*** Provided entries Section Begins ***

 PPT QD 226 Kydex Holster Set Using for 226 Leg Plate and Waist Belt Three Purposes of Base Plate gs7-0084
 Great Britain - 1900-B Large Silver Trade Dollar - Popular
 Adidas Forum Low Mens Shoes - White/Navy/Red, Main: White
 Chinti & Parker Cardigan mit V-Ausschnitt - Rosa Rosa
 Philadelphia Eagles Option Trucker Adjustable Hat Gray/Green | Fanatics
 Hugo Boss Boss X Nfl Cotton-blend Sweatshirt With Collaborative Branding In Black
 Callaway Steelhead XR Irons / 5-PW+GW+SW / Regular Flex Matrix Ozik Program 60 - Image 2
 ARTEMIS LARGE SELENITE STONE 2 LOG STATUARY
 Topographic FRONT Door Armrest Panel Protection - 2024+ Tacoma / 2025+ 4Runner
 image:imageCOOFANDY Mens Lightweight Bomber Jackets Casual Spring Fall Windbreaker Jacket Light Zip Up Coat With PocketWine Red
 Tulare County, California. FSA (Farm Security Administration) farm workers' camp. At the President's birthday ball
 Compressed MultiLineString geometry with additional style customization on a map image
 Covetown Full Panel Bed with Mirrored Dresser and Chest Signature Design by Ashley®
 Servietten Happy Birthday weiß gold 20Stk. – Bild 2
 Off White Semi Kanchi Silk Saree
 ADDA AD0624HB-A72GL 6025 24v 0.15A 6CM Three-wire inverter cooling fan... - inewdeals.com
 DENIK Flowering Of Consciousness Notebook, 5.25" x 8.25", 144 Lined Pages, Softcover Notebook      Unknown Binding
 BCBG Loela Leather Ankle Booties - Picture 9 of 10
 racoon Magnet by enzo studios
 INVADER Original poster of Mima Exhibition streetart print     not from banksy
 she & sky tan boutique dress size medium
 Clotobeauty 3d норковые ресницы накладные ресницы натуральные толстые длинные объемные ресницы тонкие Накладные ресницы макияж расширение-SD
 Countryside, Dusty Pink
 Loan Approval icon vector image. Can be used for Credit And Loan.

*** Provided entries Section Ends ***

▸ **Work to be completed**: A word-for-word copy of the entries, from the first line through the line containing "Callaway Steelhead XR", is the whole answer.

▸ **Response**:
 PPT QD 226 Kydex Holster Set Using for 226 Leg Plate and Waist Belt Three Purposes of Base Plate gs7-0084
 Great Britain - 1900-B Large Silver Trade Dollar - Popular
 Adidas Forum Low Mens Shoes - White/Navy/Red, Main: White
 Chinti & Parker Cardigan mit V-Ausschnitt - Rosa Rosa
 Philadelphia Eagles Option Trucker Adjustable Hat Gray/Green | Fanatics
 Hugo Boss Boss X Nfl Cotton-blend Sweatshirt With Collaborative Branding In Black
 Callaway Steelhead XR Irons / 5-PW+GW+SW / Regular Flex Matrix Ozik Program 60 - Image 2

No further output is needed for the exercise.